RECORDS TO PROCESS
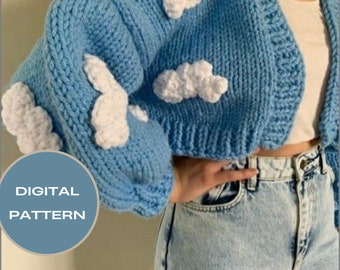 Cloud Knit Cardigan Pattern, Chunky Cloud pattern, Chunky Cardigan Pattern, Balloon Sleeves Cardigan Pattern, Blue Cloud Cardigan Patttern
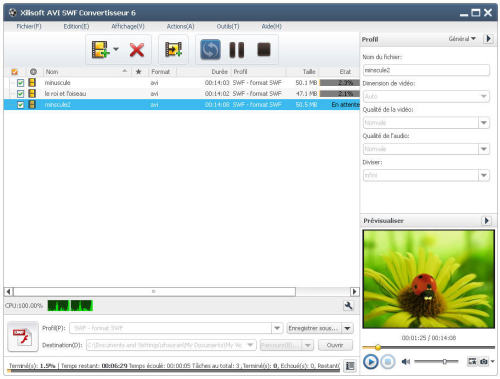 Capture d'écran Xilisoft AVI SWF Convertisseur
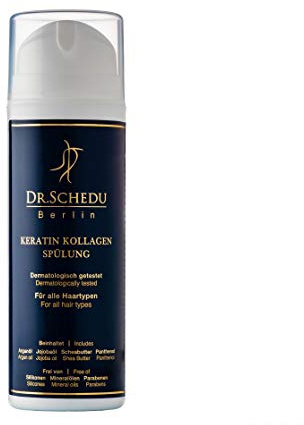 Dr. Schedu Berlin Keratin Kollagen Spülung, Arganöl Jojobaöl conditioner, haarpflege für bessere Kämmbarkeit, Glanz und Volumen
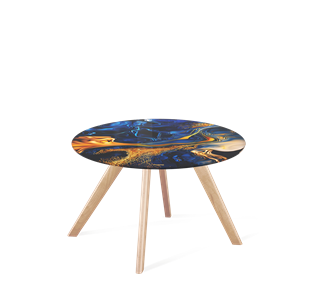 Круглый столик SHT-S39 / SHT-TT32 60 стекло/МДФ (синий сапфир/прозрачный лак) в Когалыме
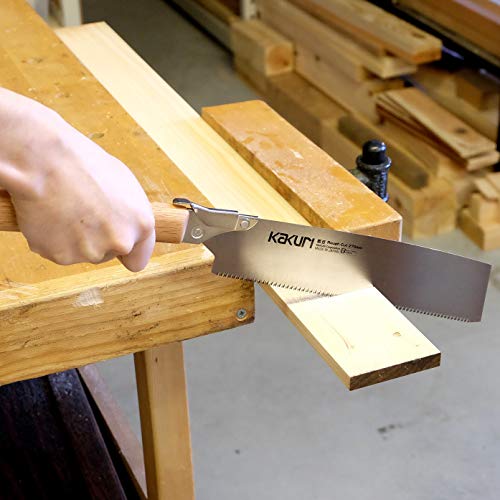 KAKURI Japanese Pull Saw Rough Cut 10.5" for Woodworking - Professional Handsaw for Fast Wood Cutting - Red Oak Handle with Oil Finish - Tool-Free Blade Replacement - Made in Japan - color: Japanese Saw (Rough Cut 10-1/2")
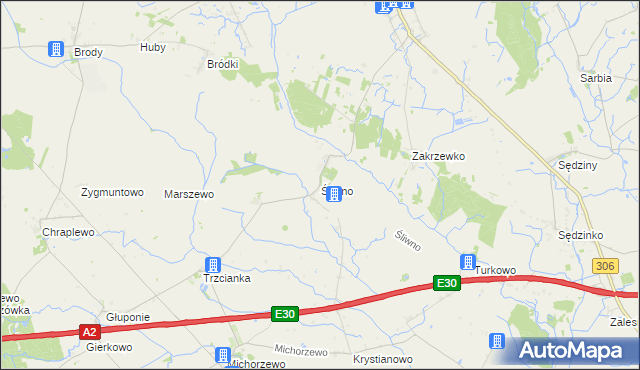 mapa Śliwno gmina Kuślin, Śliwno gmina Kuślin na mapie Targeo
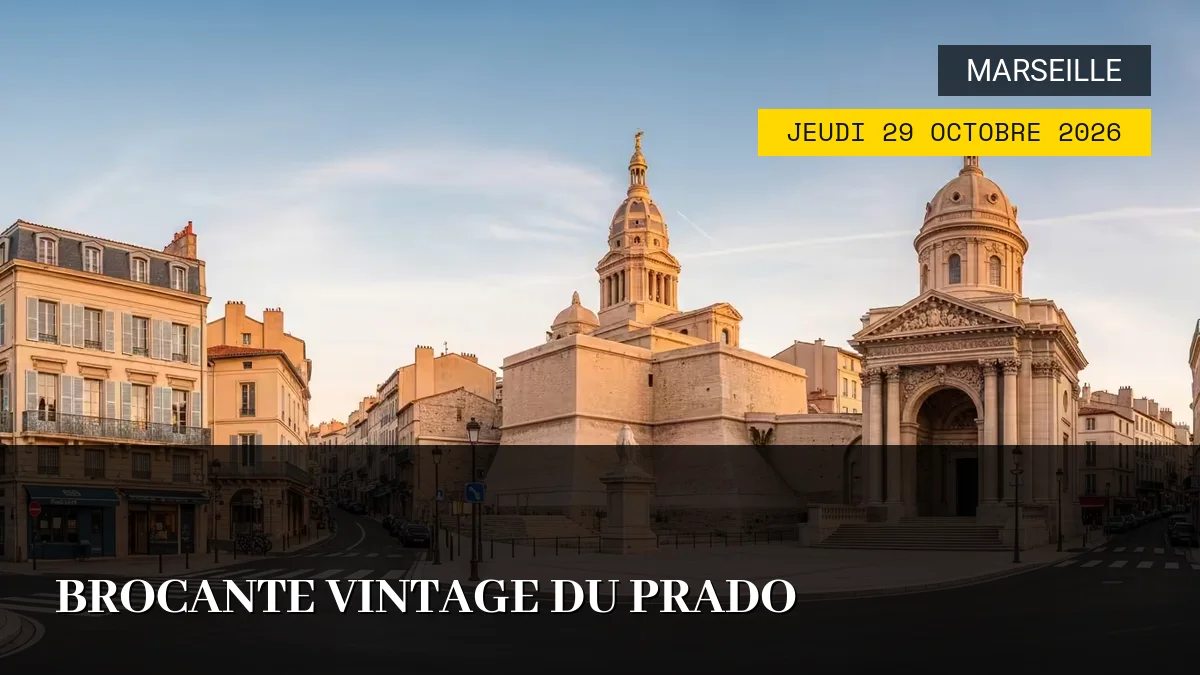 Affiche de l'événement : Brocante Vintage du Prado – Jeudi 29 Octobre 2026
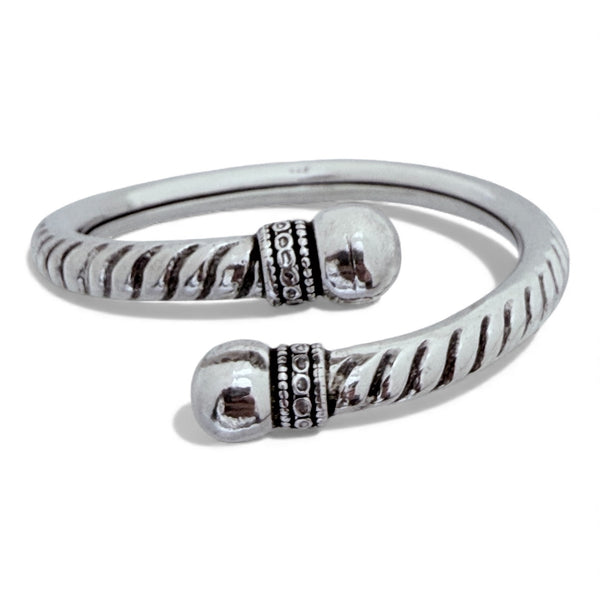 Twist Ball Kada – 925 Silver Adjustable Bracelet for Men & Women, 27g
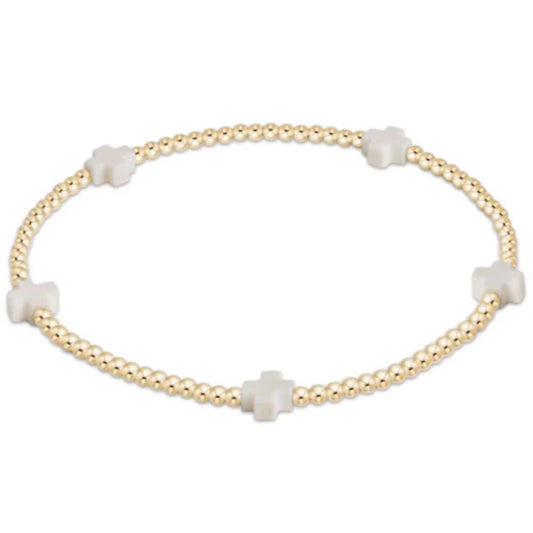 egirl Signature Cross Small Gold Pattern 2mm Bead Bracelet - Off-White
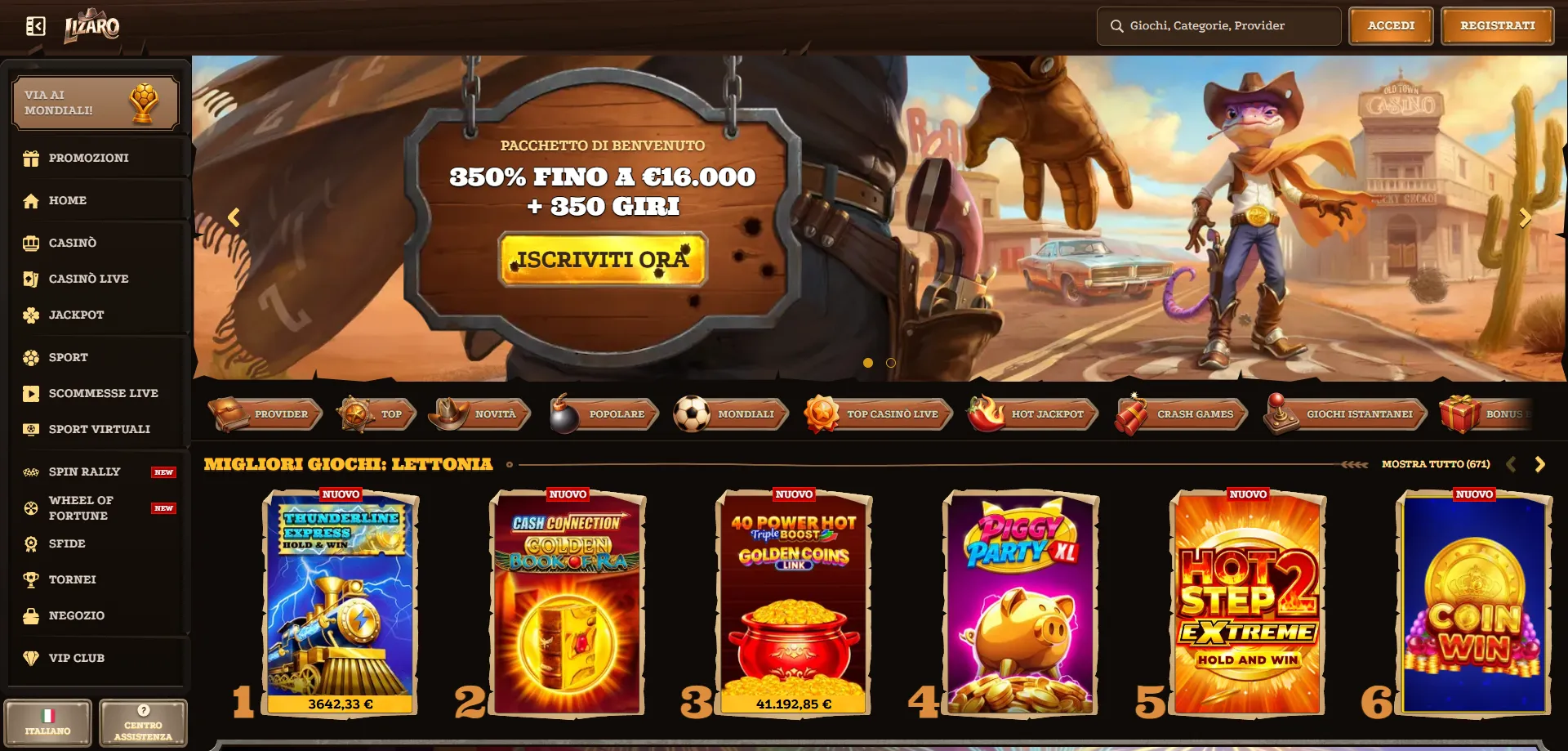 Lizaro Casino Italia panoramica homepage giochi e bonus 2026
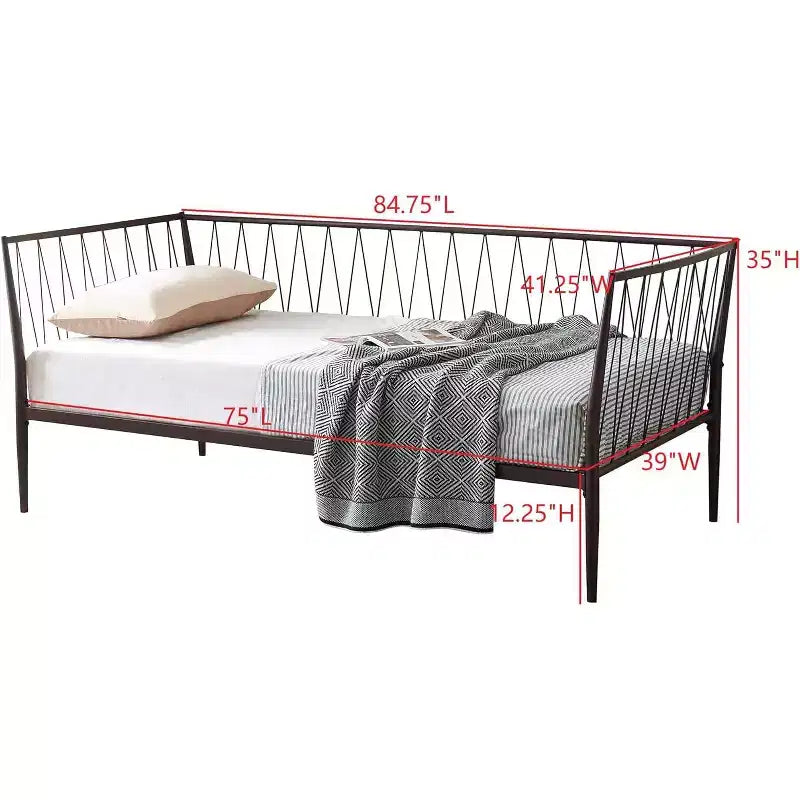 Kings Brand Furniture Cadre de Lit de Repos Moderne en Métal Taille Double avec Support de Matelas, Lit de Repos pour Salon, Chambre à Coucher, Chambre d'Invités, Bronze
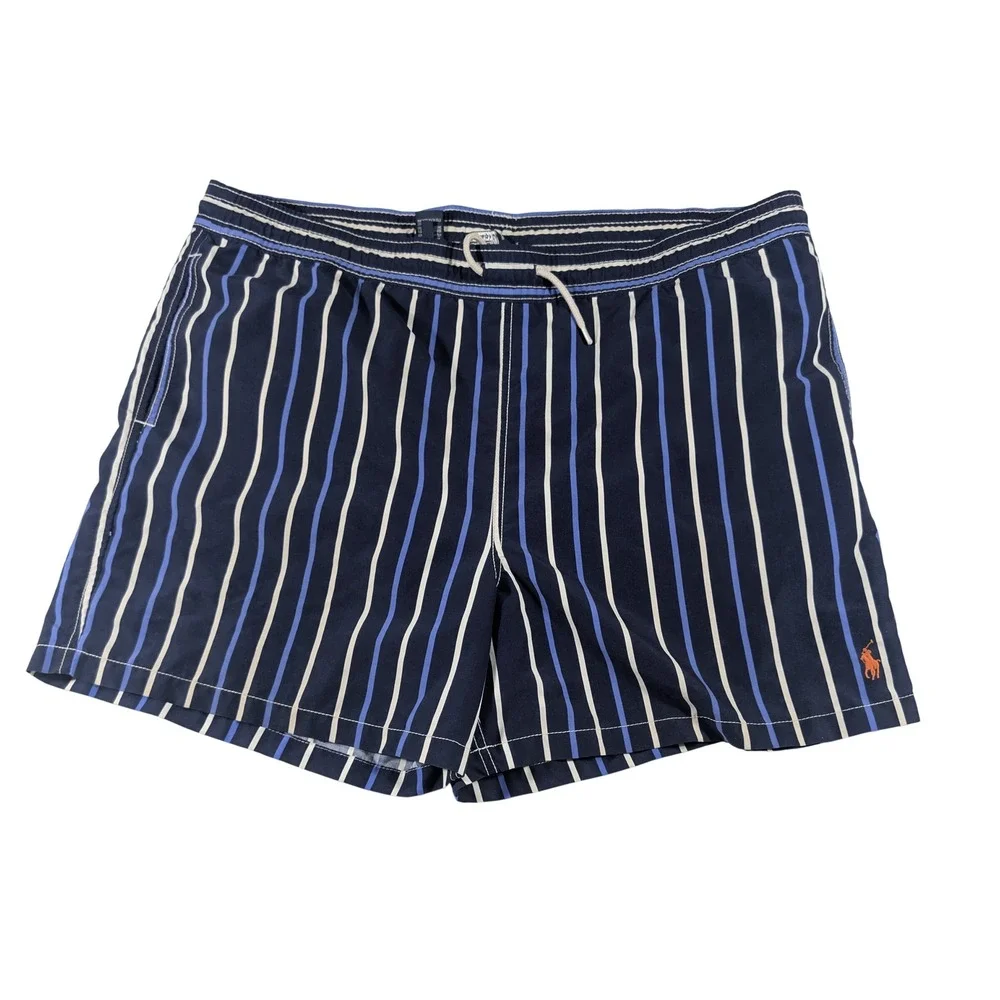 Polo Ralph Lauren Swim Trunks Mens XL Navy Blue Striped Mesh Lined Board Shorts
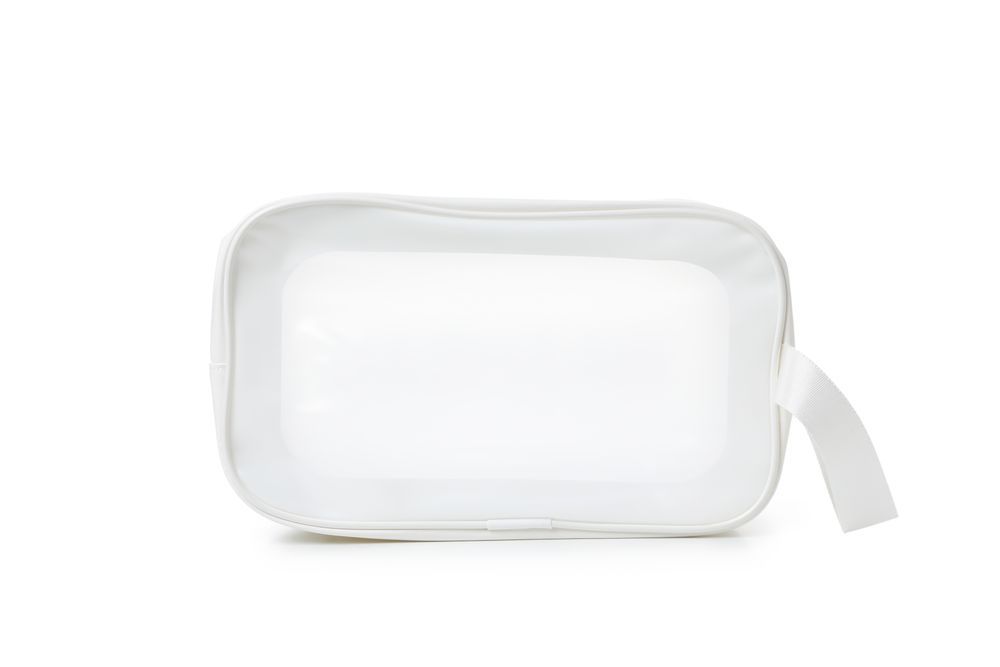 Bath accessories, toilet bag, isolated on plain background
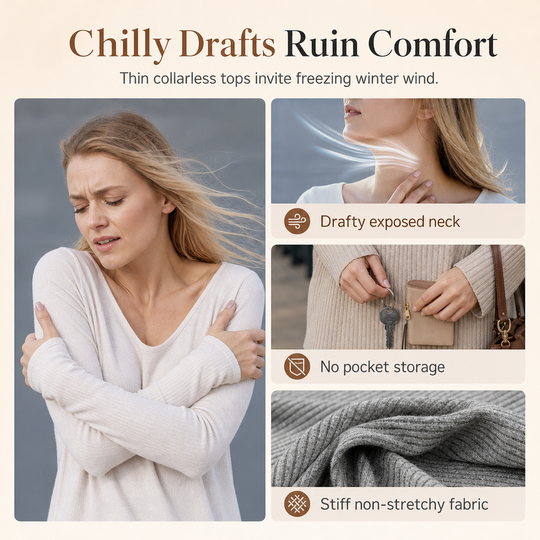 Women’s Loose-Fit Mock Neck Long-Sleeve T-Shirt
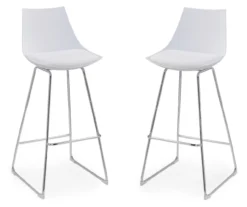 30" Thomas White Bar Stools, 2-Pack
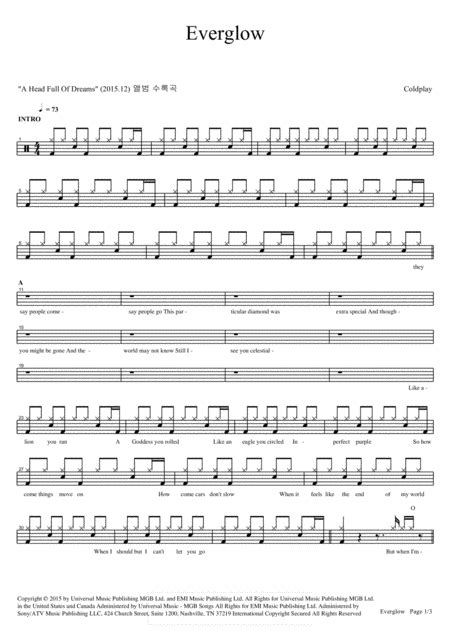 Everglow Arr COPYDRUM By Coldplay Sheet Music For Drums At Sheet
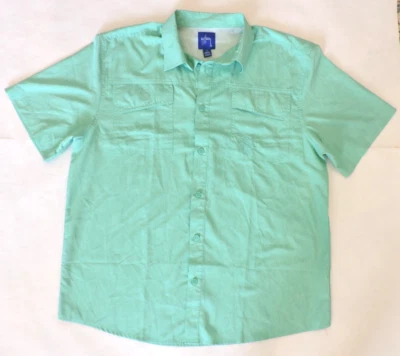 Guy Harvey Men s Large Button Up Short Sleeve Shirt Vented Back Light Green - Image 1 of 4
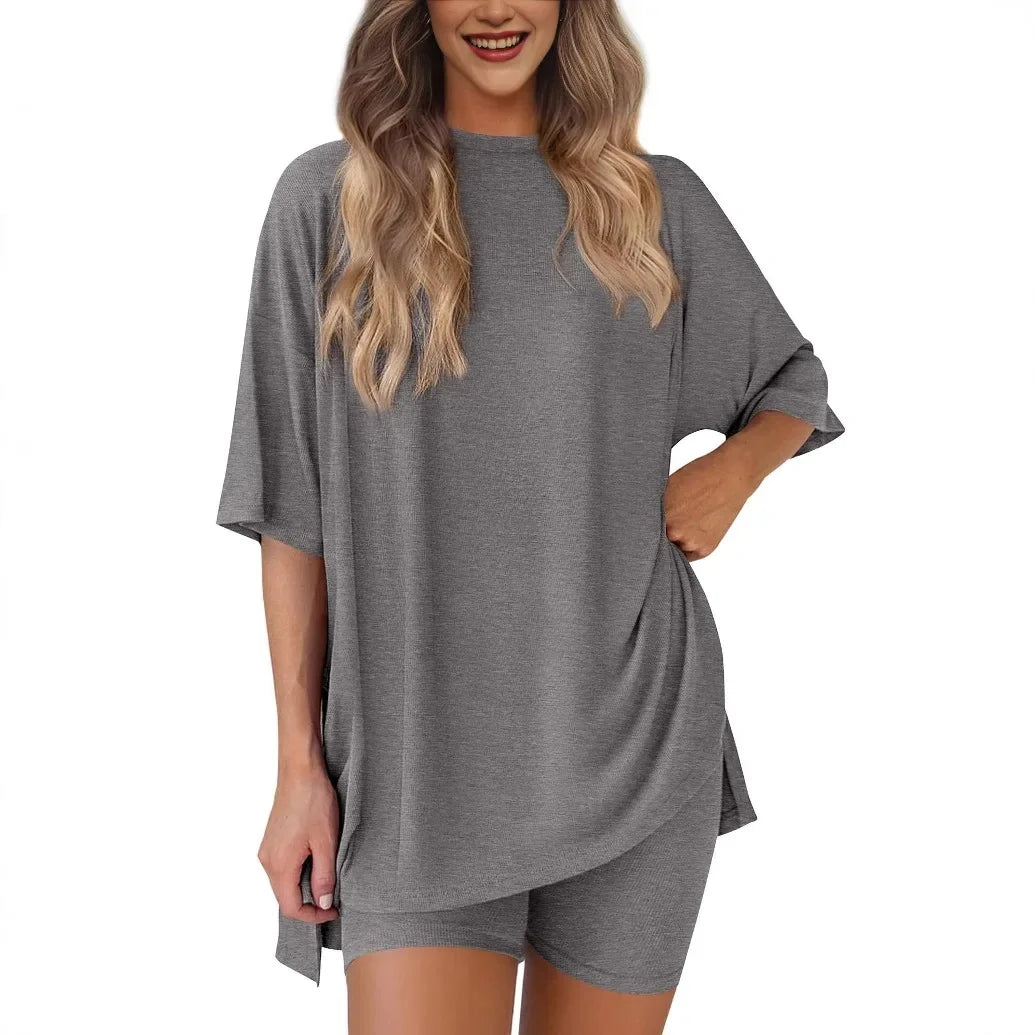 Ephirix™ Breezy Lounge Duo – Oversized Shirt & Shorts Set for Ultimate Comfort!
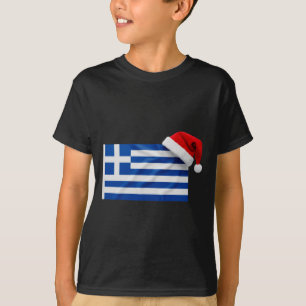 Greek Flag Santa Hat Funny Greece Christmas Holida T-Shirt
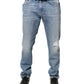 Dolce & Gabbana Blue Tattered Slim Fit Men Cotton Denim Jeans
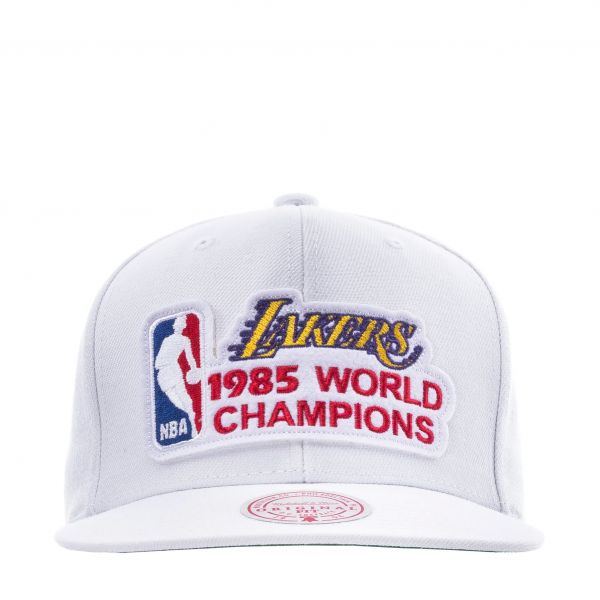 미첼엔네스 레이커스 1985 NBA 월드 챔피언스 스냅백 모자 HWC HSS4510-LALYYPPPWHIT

YOUR TASK
The first line of the listing through the line with "Круглый столик SHT-S39": repeat exactly that span and nothing more, skipping pictures.

RESULT OF THE TASK
 Cloud Knit Cardigan Pattern, Chunky Cloud pattern, Chunky Cardigan Pattern, Balloon Sleeves Cardigan Pattern, Blue Cloud Cardigan Patttern
 Capture d'écran Xilisoft AVI SWF Convertisseur
 Dr. Schedu Berlin Keratin Kollagen Spülung, Arganöl Jojobaöl conditioner, haarpflege für bessere Kämmbarkeit, Glanz und Volumen
 Круглый столик SHT-S39 / SHT-TT32 60 стекло/МДФ (синий сапфир/прозрачный лак) в Когалыме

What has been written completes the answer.